> _Work item_
Repeat the records exactly. Every line must match.

> _Material for this task_
>>>>

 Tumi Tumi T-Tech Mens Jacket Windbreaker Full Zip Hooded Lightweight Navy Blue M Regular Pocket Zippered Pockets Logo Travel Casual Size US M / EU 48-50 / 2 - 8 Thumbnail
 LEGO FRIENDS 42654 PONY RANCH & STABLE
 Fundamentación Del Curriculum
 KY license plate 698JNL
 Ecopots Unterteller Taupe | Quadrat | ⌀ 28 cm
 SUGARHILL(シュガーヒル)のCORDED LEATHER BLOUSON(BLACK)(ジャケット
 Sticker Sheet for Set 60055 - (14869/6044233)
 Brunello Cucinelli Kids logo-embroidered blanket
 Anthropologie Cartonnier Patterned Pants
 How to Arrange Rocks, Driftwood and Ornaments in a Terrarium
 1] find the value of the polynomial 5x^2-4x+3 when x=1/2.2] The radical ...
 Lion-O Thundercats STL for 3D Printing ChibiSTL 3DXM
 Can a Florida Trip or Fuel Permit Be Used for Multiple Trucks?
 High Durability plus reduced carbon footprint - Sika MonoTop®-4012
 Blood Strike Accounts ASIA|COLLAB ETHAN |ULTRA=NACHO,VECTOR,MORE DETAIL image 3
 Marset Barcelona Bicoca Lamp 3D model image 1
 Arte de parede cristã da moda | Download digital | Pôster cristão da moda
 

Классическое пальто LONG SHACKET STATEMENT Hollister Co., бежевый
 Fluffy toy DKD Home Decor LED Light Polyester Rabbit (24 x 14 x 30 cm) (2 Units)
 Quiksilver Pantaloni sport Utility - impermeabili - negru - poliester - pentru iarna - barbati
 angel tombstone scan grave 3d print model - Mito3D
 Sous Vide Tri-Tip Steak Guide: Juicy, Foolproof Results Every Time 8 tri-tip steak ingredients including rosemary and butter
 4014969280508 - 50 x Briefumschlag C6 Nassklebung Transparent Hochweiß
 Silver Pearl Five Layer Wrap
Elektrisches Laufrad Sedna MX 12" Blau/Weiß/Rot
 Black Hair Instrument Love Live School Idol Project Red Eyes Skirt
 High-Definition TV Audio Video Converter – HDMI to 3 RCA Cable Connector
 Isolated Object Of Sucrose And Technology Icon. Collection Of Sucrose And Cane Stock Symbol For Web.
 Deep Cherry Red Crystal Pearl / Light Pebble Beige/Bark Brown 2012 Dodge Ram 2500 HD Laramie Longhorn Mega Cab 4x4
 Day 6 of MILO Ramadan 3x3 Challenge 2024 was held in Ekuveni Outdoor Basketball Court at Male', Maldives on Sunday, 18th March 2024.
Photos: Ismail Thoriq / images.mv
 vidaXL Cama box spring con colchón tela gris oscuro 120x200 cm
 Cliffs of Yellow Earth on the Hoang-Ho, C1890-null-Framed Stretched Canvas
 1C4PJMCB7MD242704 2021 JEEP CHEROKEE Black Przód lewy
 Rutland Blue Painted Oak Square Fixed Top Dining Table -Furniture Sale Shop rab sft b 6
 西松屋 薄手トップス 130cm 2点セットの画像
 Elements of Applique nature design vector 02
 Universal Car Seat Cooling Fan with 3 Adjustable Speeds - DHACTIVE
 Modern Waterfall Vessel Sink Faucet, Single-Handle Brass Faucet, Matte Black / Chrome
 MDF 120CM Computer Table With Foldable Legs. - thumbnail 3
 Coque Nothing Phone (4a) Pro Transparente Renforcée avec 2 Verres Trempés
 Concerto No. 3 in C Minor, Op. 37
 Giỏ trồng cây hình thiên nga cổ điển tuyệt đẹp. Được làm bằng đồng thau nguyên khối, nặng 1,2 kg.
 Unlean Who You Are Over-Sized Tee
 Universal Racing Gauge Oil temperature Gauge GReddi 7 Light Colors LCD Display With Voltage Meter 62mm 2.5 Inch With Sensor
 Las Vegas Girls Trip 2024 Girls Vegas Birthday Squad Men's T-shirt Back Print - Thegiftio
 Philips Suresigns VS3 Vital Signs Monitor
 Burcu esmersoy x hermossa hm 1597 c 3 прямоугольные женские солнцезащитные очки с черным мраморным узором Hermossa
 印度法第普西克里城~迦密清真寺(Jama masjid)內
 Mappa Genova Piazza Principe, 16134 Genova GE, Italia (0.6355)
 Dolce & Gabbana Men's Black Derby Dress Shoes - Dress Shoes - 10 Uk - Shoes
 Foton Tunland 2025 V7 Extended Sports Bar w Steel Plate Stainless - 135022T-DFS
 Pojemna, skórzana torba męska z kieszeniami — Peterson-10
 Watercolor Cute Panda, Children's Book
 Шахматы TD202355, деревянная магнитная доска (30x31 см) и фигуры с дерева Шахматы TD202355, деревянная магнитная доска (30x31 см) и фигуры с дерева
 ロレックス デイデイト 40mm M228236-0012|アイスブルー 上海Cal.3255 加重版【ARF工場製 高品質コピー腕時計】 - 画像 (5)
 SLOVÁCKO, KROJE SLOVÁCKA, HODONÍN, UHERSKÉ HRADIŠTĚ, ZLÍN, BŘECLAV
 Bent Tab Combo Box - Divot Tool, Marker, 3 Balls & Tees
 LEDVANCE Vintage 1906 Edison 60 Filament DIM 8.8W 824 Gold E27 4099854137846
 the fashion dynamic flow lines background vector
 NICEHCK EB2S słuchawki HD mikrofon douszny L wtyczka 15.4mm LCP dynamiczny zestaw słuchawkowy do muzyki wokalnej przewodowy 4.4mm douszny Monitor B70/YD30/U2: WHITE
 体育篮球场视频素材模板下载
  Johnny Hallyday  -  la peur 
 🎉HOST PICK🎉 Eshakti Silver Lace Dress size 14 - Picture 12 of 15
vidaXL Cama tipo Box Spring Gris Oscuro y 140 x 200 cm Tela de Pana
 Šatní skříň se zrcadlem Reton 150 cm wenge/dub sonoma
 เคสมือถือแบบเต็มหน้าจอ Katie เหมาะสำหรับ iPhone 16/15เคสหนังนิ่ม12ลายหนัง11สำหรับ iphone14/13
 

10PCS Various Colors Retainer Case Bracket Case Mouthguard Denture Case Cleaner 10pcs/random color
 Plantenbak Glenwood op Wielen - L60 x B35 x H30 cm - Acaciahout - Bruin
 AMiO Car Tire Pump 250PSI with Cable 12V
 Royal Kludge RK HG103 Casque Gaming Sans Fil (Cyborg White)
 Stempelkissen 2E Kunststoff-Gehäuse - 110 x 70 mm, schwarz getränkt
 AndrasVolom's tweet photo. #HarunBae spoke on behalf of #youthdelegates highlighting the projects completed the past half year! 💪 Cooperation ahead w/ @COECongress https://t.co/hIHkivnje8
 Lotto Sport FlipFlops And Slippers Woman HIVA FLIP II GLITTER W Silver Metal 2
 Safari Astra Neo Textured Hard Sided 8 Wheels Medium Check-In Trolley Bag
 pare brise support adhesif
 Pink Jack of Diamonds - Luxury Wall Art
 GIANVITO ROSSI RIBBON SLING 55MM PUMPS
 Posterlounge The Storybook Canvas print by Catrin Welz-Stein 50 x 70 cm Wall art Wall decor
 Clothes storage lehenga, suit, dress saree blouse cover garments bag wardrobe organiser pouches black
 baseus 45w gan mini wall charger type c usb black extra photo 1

<<<<

> _Completed task_
 Tumi Tumi T-Tech Mens Jacket Windbreaker Full Zip Hooded Lightweight Navy Blue M Regular Pocket Zippered Pockets Logo Travel Casual Size US M / EU 48-50 / 2 - 8 Thumbnail
 LEGO FRIENDS 42654 PONY RANCH & STABLE
 Fundamentación Del Curriculum
 KY license plate 698JNL
 Ecopots Unterteller Taupe | Quadrat | ⌀ 28 cm
 SUGARHILL(シュガーヒル)のCORDED LEATHER BLOUSON(BLACK)(ジャケット
 Sticker Sheet for Set 60055 - (14869/6044233)
 Brunello Cucinelli Kids logo-embroidered blanket
 Anthropologie Cartonnier Patterned Pants
 How to Arrange Rocks, Driftwood and Ornaments in a Terrarium
 1] find the value of the polynomial 5x^2-4x+3 when x=1/2.2] The radical ...
 Lion-O Thundercats STL for 3D Printing ChibiSTL 3DXM
 Can a Florida Trip or Fuel Permit Be Used for Multiple Trucks?
 High Durability plus reduced carbon footprint - Sika MonoTop®-4012
 Blood Strike Accounts ASIA|COLLAB ETHAN |ULTRA=NACHO,VECTOR,MORE DETAIL image 3
 Marset Barcelona Bicoca Lamp 3D model image 1
 Arte de parede cristã da moda | Download digital | Pôster cristão da moda
 

Классическое пальто LONG SHACKET STATEMENT Hollister Co., бежевый
 Fluffy toy DKD Home Decor LED Light Polyester Rabbit (24 x 14 x 30 cm) (2 Units)
 Quiksilver Pantaloni sport Utility - impermeabili - negru - poliester - pentru iarna - barbati
 angel tombstone scan grave 3d print model - Mito3D
 Sous Vide Tri-Tip Steak Guide: Juicy, Foolproof Results Every Time 8 tri-tip steak ingredients including rosemary and butter
 4014969280508 - 50 x Briefumschlag C6 Nassklebung Transparent Hochweiß
 Silver Pearl Five Layer Wrap
Elektrisches Laufrad Sedna MX 12" Blau/Weiß/Rot
 Black Hair Instrument Love Live School Idol Project Red Eyes Skirt
 High-Definition TV Audio Video Converter – HDMI to 3 RCA Cable Connector
 Isolated Object Of Sucrose And Technology Icon. Collection Of Sucrose And Cane Stock Symbol For Web.
 Deep Cherry Red Crystal Pearl / Light Pebble Beige/Bark Brown 2012 Dodge Ram 2500 HD Laramie Longhorn Mega Cab 4x4
 Day 6 of MILO Ramadan 3x3 Challenge 2024 was held in Ekuveni Outdoor Basketball Court at Male', Maldives on Sunday, 18th March 2024.
Photos: Ismail Thoriq / images.mv
 vidaXL Cama box spring con colchón tela gris oscuro 120x200 cm
 Cliffs of Yellow Earth on the Hoang-Ho, C1890-null-Framed Stretched Canvas
 1C4PJMCB7MD242704 2021 JEEP CHEROKEE Black Przód lewy
 Rutland Blue Painted Oak Square Fixed Top Dining Table -Furniture Sale Shop rab sft b 6
 西松屋 薄手トップス 130cm 2点セットの画像
 Elements of Applique nature design vector 02
 Universal Car Seat Cooling Fan with 3 Adjustable Speeds - DHACTIVE
 Modern Waterfall Vessel Sink Faucet, Single-Handle Brass Faucet, Matte Black / Chrome
 MDF 120CM Computer Table With Foldable Legs. - thumbnail 3
 Coque Nothing Phone (4a) Pro Transparente Renforcée avec 2 Verres Trempés
 Concerto No. 3 in C Minor, Op. 37
 Giỏ trồng cây hình thiên nga cổ điển tuyệt đẹp. Được làm bằng đồng thau nguyên khối, nặng 1,2 kg.
 Unlean Who You Are Over-Sized Tee
 Universal Racing Gauge Oil temperature Gauge GReddi 7 Light Colors LCD Display With Voltage Meter 62mm 2.5 Inch With Sensor
 Las Vegas Girls Trip 2024 Girls Vegas Birthday Squad Men's T-shirt Back Print - Thegiftio
 Philips Suresigns VS3 Vital Signs Monitor
 Burcu esmersoy x hermossa hm 1597 c 3 прямоугольные женские солнцезащитные очки с черным мраморным узором Hermossa
 印度法第普西克里城~迦密清真寺(Jama masjid)內
 Mappa Genova Piazza Principe, 16134 Genova GE, Italia (0.6355)
 Dolce & Gabbana Men's Black Derby Dress Shoes - Dress Shoes - 10 Uk - Shoes
 Foton Tunland 2025 V7 Extended Sports Bar w Steel Plate Stainless - 135022T-DFS
 Pojemna, skórzana torba męska z kieszeniami — Peterson-10
 Watercolor Cute Panda, Children's Book
 Шахматы TD202355, деревянная магнитная доска (30x31 см) и фигуры с дерева Шахматы TD202355, деревянная магнитная доска (30x31 см) и фигуры с дерева
 ロレックス デイデイト 40mm M228236-0012|アイスブルー 上海Cal.3255 加重版【ARF工場製 高品質コピー腕時計】 - 画像 (5)
 SLOVÁCKO, KROJE SLOVÁCKA, HODONÍN, UHERSKÉ HRADIŠTĚ, ZLÍN, BŘECLAV
 Bent Tab Combo Box - Divot Tool, Marker, 3 Balls & Tees
 LEDVANCE Vintage 1906 Edison 60 Filament DIM 8.8W 824 Gold E27 4099854137846
 the fashion dynamic flow lines background vector
 NICEHCK EB2S słuchawki HD mikrofon douszny L wtyczka 15.4mm LCP dynamiczny zestaw słuchawkowy do muzyki wokalnej przewodowy 4.4mm douszny Monitor B70/YD30/U2: WHITE
 体育篮球场视频素材模板下载
  Johnny Hallyday  -  la peur 
 🎉HOST PICK🎉 Eshakti Silver Lace Dress size 14 - Picture 12 of 15
vidaXL Cama tipo Box Spring Gris Oscuro y 140 x 200 cm Tela de Pana
 Šatní skříň se zrcadlem Reton 150 cm wenge/dub sonoma
 เคสมือถือแบบเต็มหน้าจอ Katie เหมาะสำหรับ iPhone 16/15เคสหนังนิ่ม12ลายหนัง11สำหรับ iphone14/13
 

10PCS Various Colors Retainer Case Bracket Case Mouthguard Denture Case Cleaner 10pcs/random color
 Plantenbak Glenwood op Wielen - L60 x B35 x H30 cm - Acaciahout - Bruin
 AMiO Car Tire Pump 250PSI with Cable 12V
 Royal Kludge RK HG103 Casque Gaming Sans Fil (Cyborg White)
 Stempelkissen 2E Kunststoff-Gehäuse - 110 x 70 mm, schwarz getränkt
 AndrasVolom's tweet photo. #HarunBae spoke on behalf of #youthdelegates highlighting the projects completed the past half year! 💪 Cooperation ahead w/ @COECongress https://t.co/hIHkivnje8
 Lotto Sport FlipFlops And Slippers Woman HIVA FLIP II GLITTER W Silver Metal 2
 Safari Astra Neo Textured Hard Sided 8 Wheels Medium Check-In Trolley Bag
 pare brise support adhesif
 Pink Jack of Diamonds - Luxury Wall Art
 GIANVITO ROSSI RIBBON SLING 55MM PUMPS
 Posterlounge The Storybook Canvas print by Catrin Welz-Stein 50 x 70 cm Wall art Wall decor
 Clothes storage lehenga, suit, dress saree blouse cover garments bag wardrobe organiser pouches black
 baseus 45w gan mini wall charger type c usb black extra photo 1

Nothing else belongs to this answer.